- What you are asked to do -
All pictures are to be omitted while the lines starting at the line with "Crystal-embellished beaded necklace" and ending at the line with "Poster - Happy" in the material below are retyped exactly, both ends included.

BEGIN

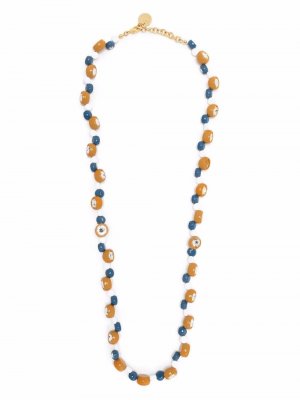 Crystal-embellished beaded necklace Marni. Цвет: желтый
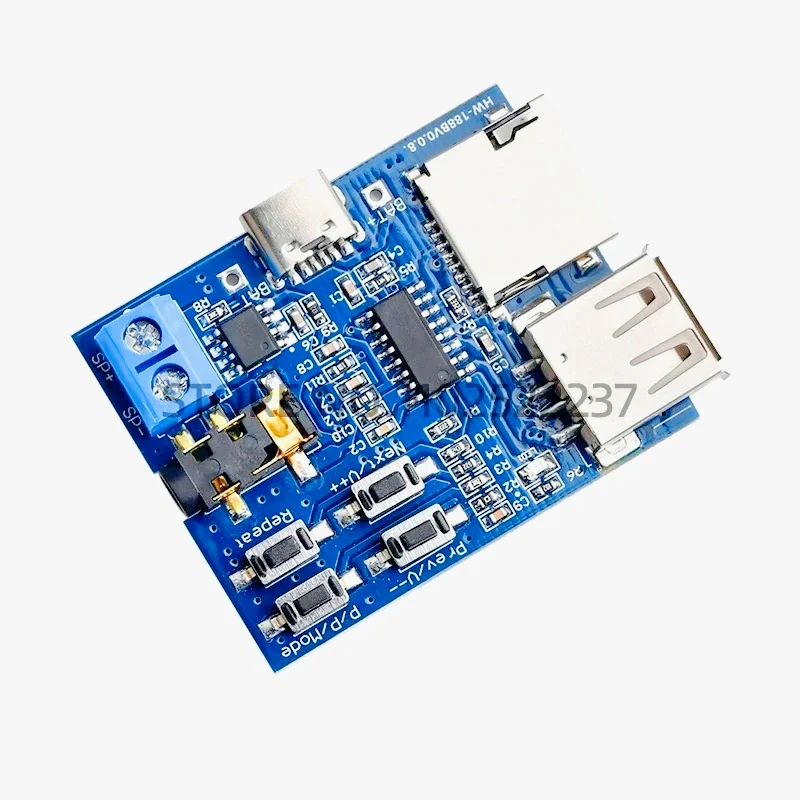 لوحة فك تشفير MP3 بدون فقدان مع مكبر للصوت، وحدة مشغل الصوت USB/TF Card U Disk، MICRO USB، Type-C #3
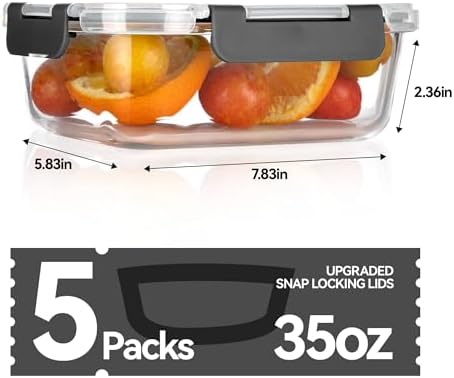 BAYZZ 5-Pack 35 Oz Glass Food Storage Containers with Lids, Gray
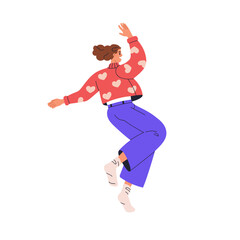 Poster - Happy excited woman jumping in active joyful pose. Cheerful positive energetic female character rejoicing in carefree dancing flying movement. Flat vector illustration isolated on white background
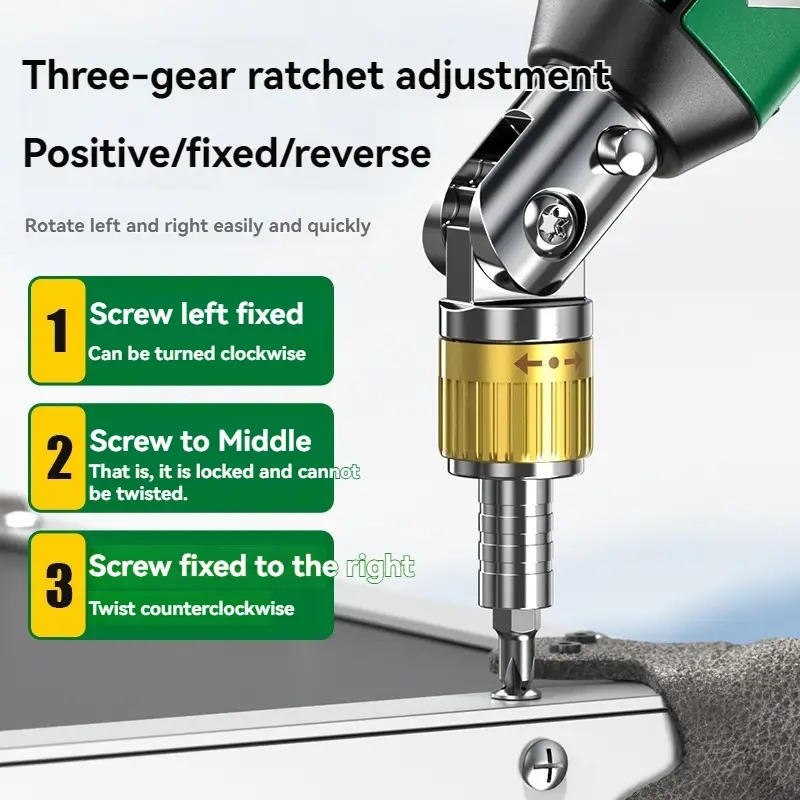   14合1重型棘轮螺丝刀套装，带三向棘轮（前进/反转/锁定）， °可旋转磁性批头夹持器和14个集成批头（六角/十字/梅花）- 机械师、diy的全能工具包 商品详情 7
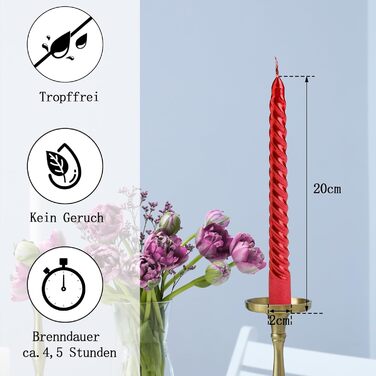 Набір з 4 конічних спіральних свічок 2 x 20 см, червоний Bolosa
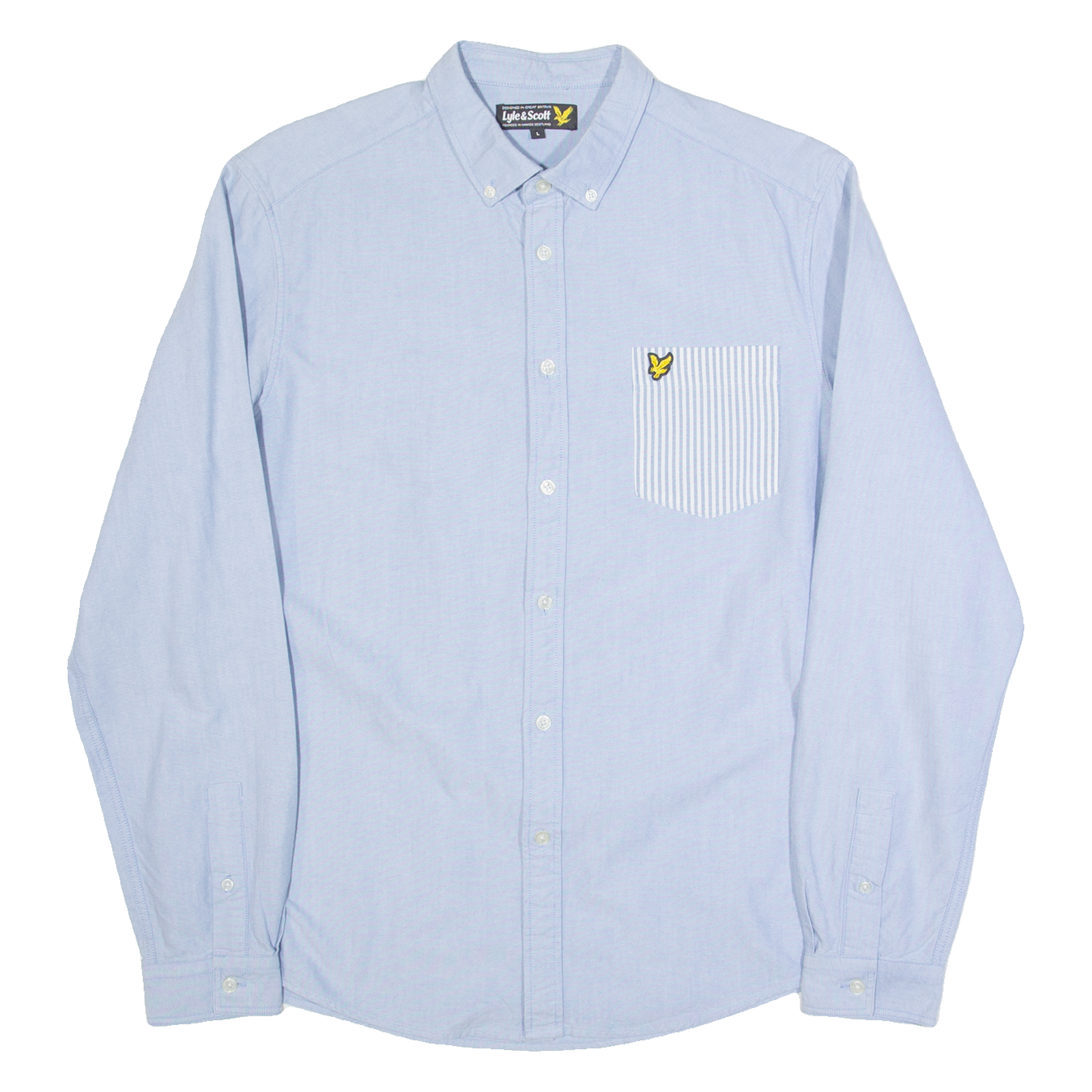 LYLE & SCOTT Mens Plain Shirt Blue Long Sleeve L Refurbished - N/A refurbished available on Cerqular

END
BEGIN

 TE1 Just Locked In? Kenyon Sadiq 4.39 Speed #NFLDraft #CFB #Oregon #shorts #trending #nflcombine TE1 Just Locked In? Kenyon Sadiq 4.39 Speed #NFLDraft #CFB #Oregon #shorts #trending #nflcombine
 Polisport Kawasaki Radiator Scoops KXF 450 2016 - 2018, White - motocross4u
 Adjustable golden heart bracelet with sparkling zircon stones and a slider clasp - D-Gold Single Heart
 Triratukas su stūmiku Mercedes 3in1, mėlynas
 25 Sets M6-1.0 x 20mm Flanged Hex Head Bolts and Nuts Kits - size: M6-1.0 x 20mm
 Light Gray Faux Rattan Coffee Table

END

- Result of the exercise -
 Crystal-embellished beaded necklace Marni. Цвет: желтый
 لوحة فك تشفير MP3 بدون فقدان مع مكبر للصوت، وحدة مشغل الصوت USB/TF Card U Disk، MICRO USB، Type-C #3
 BAYZZ 5-Pack 35 Oz Glass Food Storage Containers with Lids, Gray
 Poster - Happy excited woman jumping in active joyful pose. Cheerful positive energetic female character rejoicing in carefree dancing flying movement. Flat vector illustration isolated on white background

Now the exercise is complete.